Dans la nuit froide de l'oubli
This late-autumn tanka was penned by by SONE no Yoshitada (曽根好忠) and can be found in the Shin Kokinshū:
人は来ず風に木の葉は散りはてて夜な夜な蟲の聲弱るなり
Hito wa kozu/ Kaze ni konoha wa/ chirihatete/ yonayona mushi no/ koe yowaru nari
People do not call/ The leaves have blown away in the wind/ And every night the cries of the insects seem weaker
This poem is an excellent example of Shin-kokin-chō (新古今調, "Shin Kokinshū tone") in many ways: its twilight-of-the-nobles feel, its phantasmagoric rather than direct emotional use of the natural world, even its 1-4 structure (breaks after the first five-syllable ku).

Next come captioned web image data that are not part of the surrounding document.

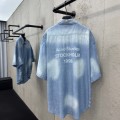 「#7500」 Acne Studios T-shirt
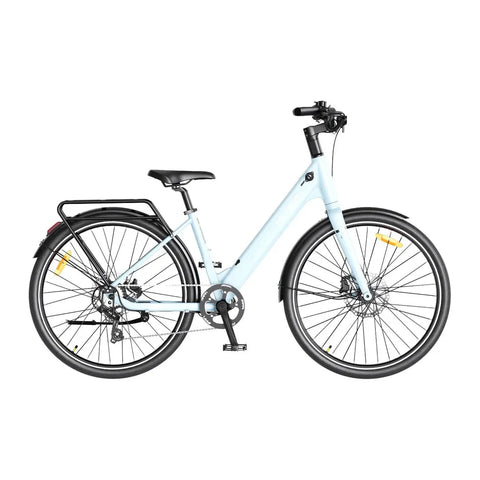 Heybike Helio U - Blu
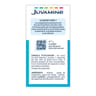 Juvamine magnésium marin vitamine B6, détente équilibre nerveux, 30 comprimés 22G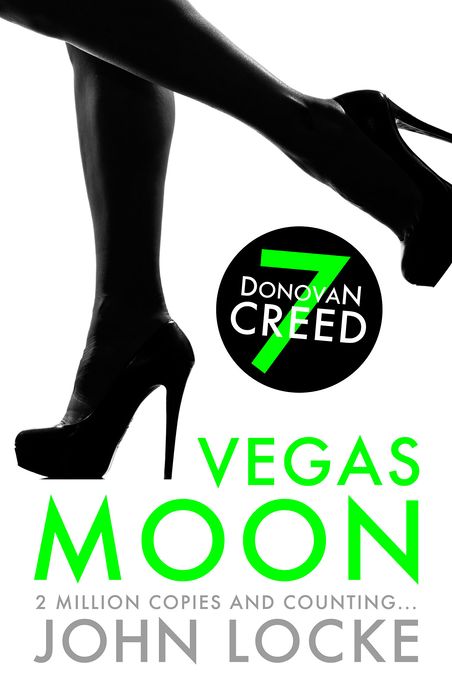 Vegas Moon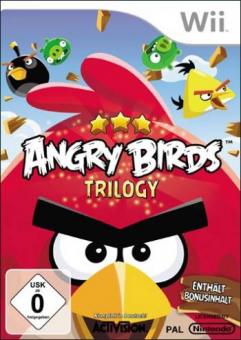 Angry Birds 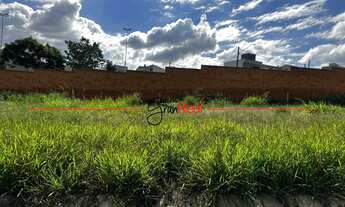 Imagem 2: Terreno à venda no Jardim Siena em Indaiatuba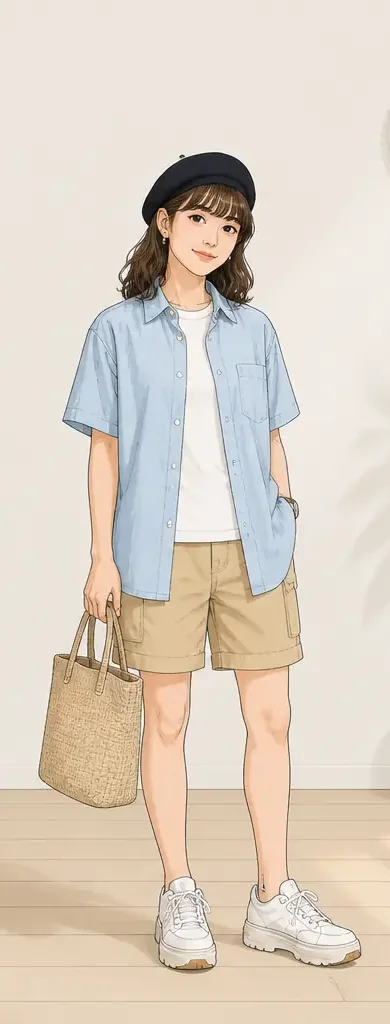 コーデ3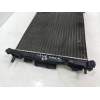 Recambio de radiador agua para renault scenic ii authentique referencia OEM IAM  20G 2003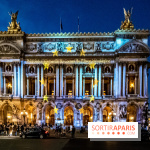 Opéra, spectacle sons et lumières France Allemagne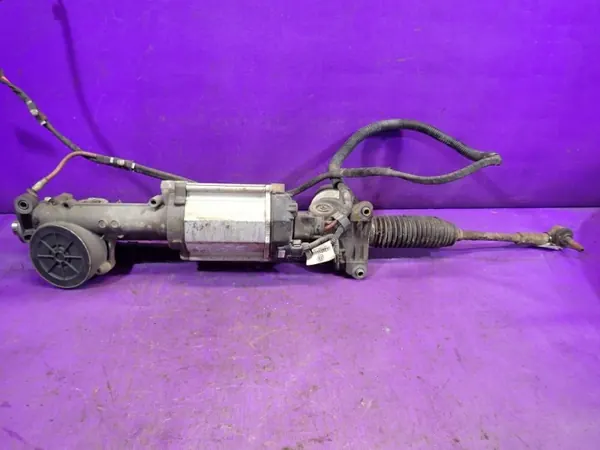 Boîtier de direction SEAT Leon II OEM 1K0909144C Occasion image 8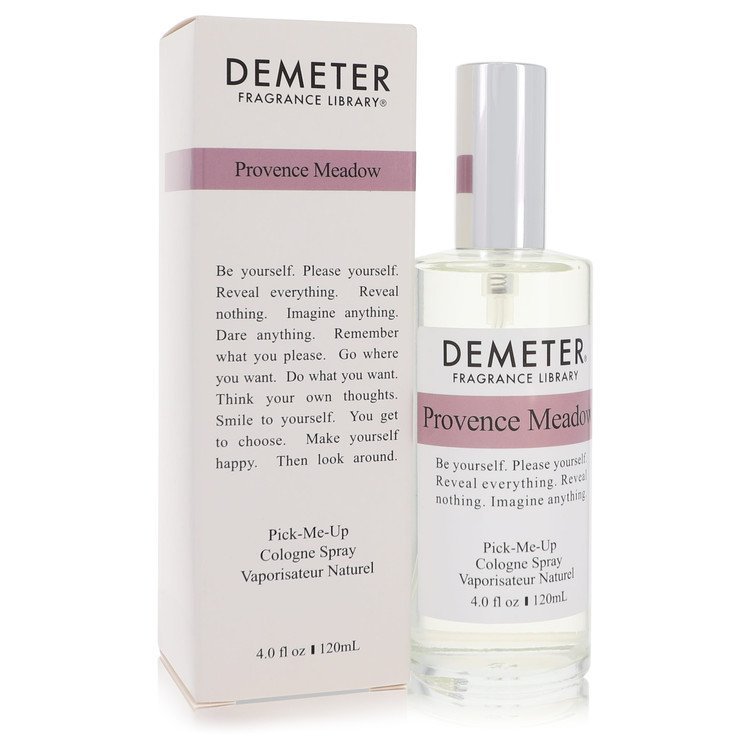 Demeter Provence Meadow Cologne Spray By Demeter (Women) - Rochan Shop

Mind you, Yoshitada wrote it more than a century before the SK editors were even born. He was ahead of his time. Pessimists often are.
Aurelio Asiain:
Beautiful poem. Almost two centuries after Yoshitada, Minamoto no Sanetomo wrote an allusive variation:
秋はいぬ風に木の葉は散りはてて山さびしかる冬はきにけり
Do you have any particular reason to translate "人は来ず" as "people do not call" and not "people do not come"?